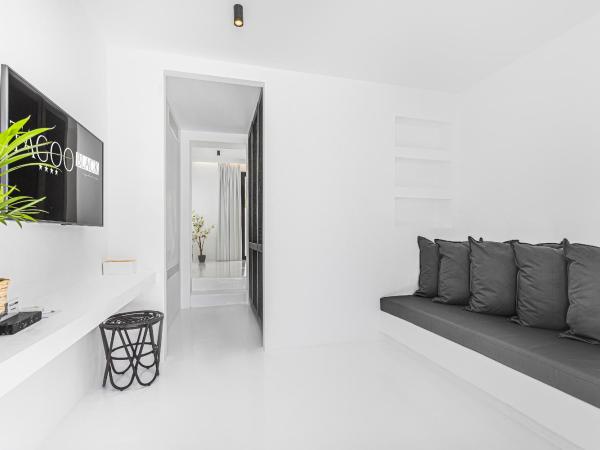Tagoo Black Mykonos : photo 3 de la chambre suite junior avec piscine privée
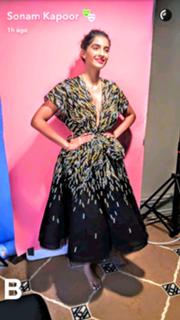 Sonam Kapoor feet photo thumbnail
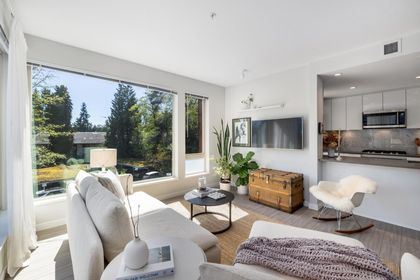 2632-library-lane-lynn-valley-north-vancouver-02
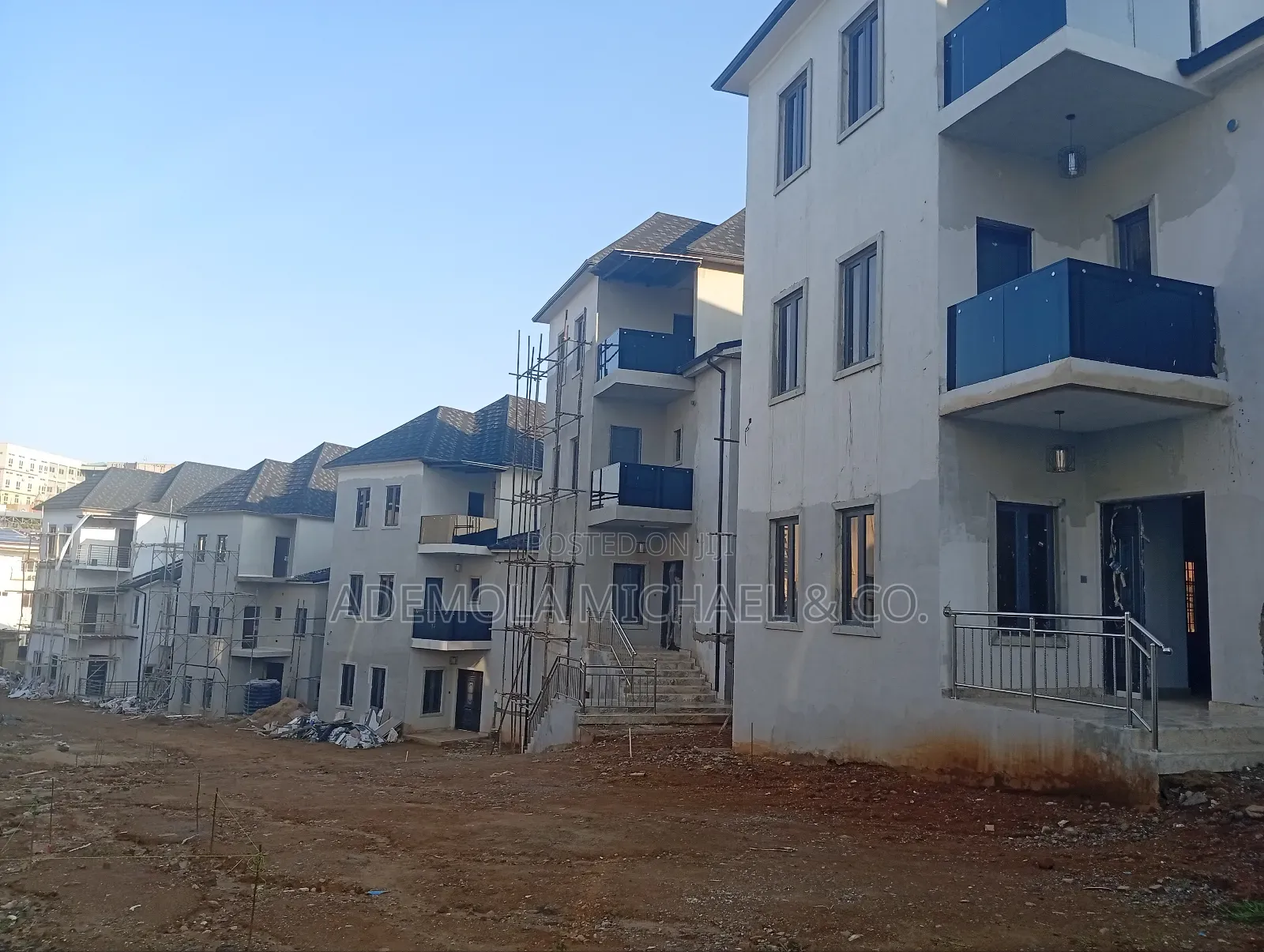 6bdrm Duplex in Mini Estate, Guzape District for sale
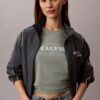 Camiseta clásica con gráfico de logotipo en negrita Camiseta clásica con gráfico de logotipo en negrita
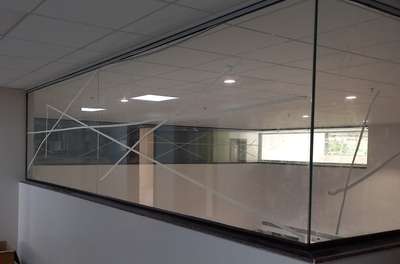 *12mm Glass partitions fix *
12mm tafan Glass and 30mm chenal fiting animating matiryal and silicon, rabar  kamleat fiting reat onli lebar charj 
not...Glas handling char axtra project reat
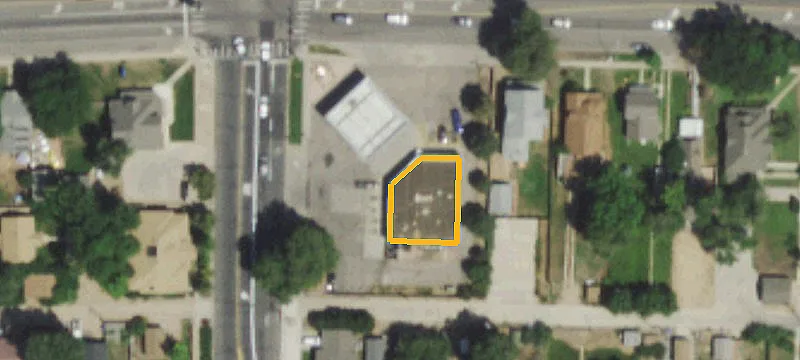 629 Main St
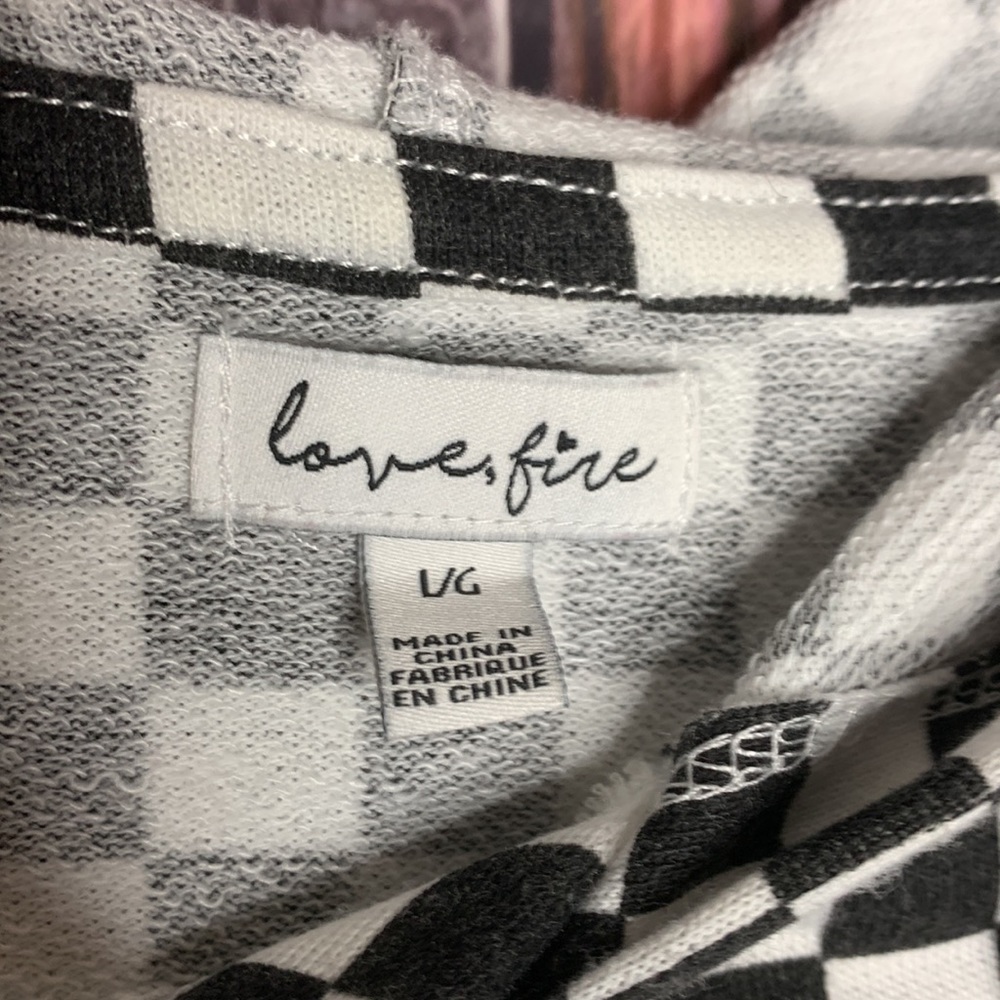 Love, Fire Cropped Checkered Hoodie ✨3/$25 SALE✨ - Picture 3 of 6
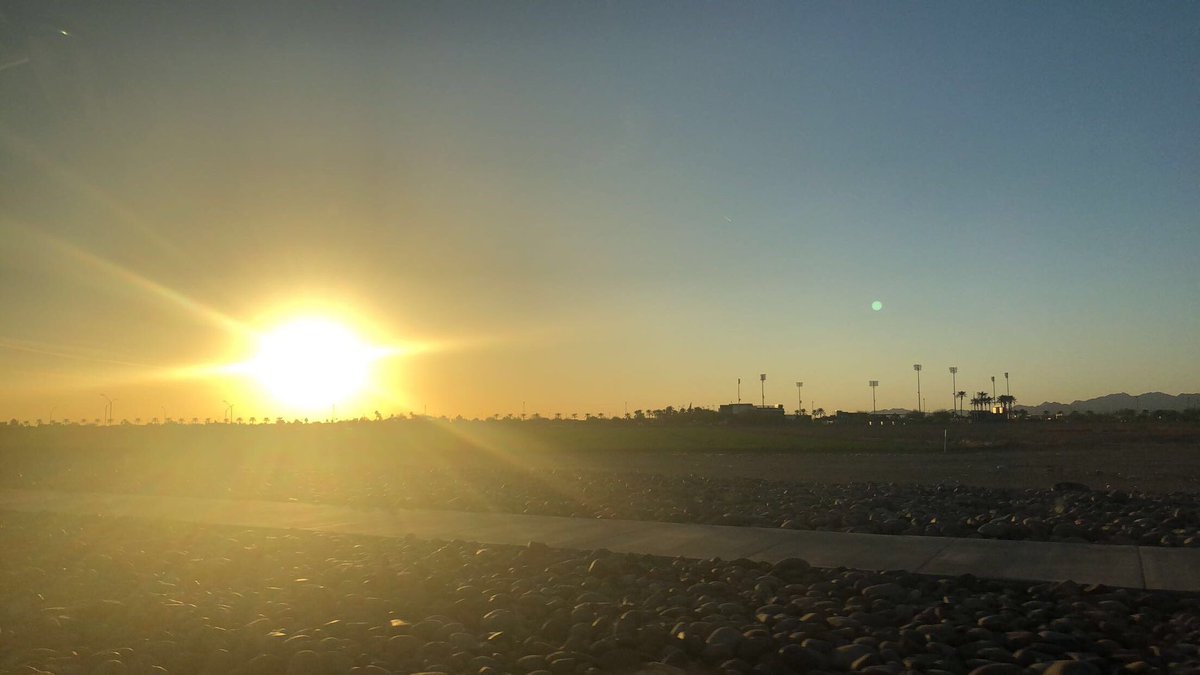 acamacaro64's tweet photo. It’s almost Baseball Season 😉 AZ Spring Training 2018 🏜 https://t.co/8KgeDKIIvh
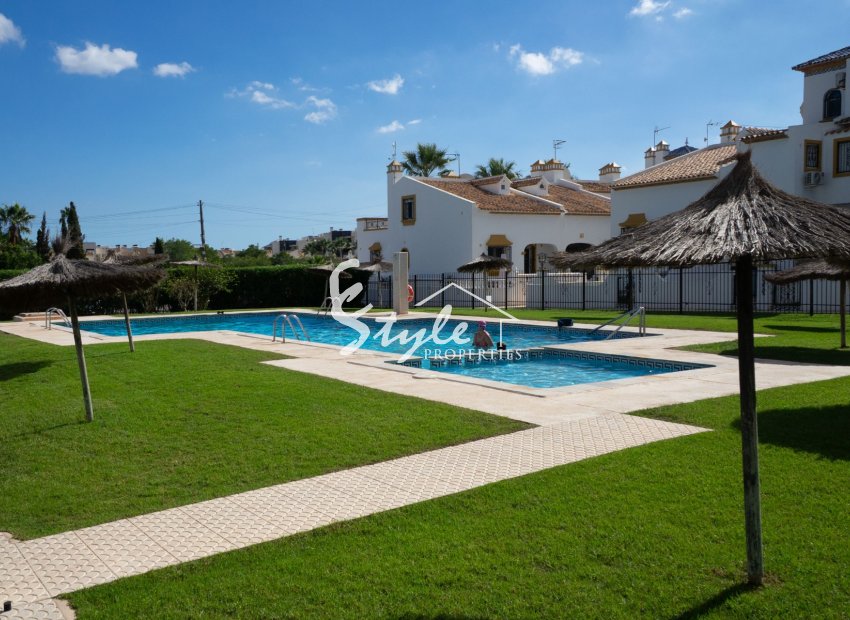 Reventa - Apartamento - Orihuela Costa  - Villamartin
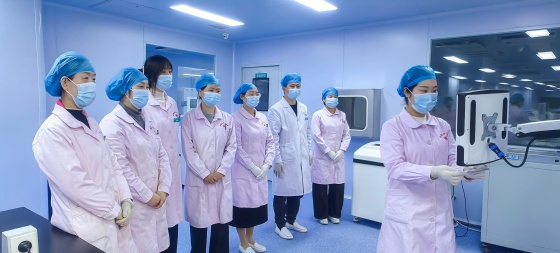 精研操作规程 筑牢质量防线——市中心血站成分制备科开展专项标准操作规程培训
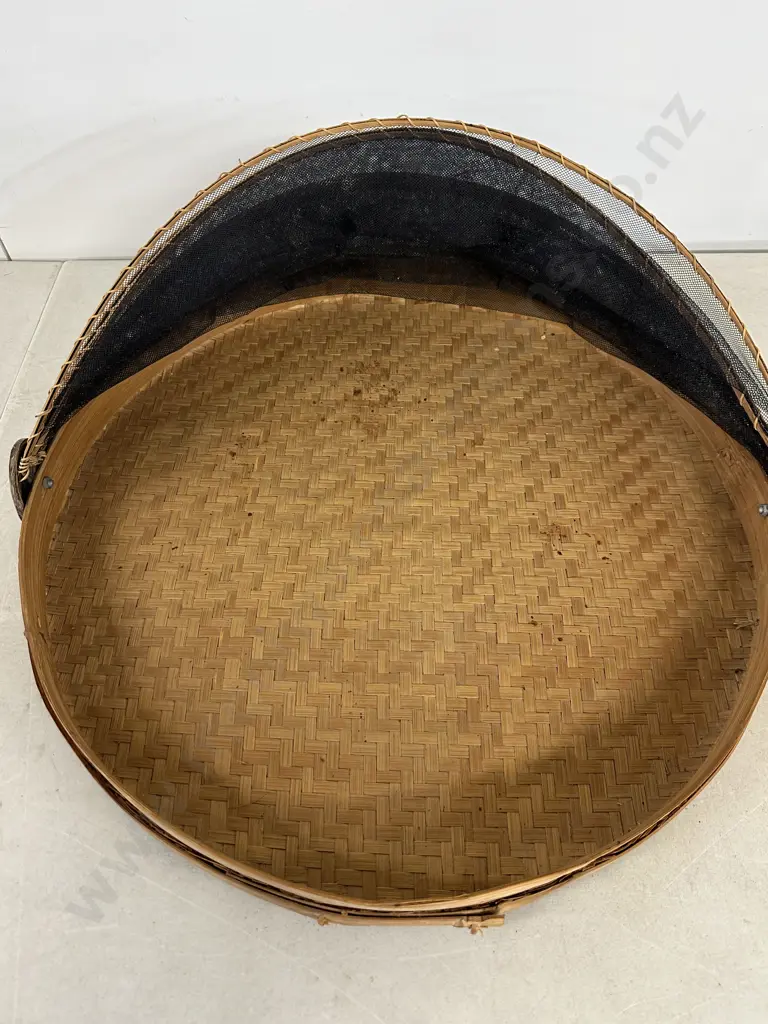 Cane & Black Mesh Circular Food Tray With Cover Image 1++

__Work to complete__. Every line from the one containing "2632-library-lane-lynn-valley-north-vancouver-02" through the last line of the records is to be reproduced exactly, with pictures left out and nothing else given.

__Exercise output__.
 2632-library-lane-lynn-valley-north-vancouver-02
 6bdrm Duplex in Mini Estate, Guzape District for sale
 Camiseta clásica con gráfico de logotipo en negrita Camiseta clásica con gráfico de logotipo en negrita
 *12mm Glass partitions fix *
12mm tafan Glass and 30mm chenal fiting animating matiryal and silicon, rabar  kamleat fiting reat onli lebar charj 
not...Glas handling char axtra project reat
 629 Main St
 Love, Fire Cropped Checkered Hoodie ✨3/$25 SALE✨ - Picture 3 of 6
 acamacaro64's tweet photo. It’s almost Baseball Season 😉 AZ Spring Training 2018 🏜 https://t.co/8KgeDKIIvh
 Reventa - Apartamento - Orihuela Costa  - Villamartin
 精研操作规程 筑牢质量防线——市中心血站成分制备科开展专项标准操作规程培训
 Cane & Black Mesh Circular Food Tray With Cover Image 1++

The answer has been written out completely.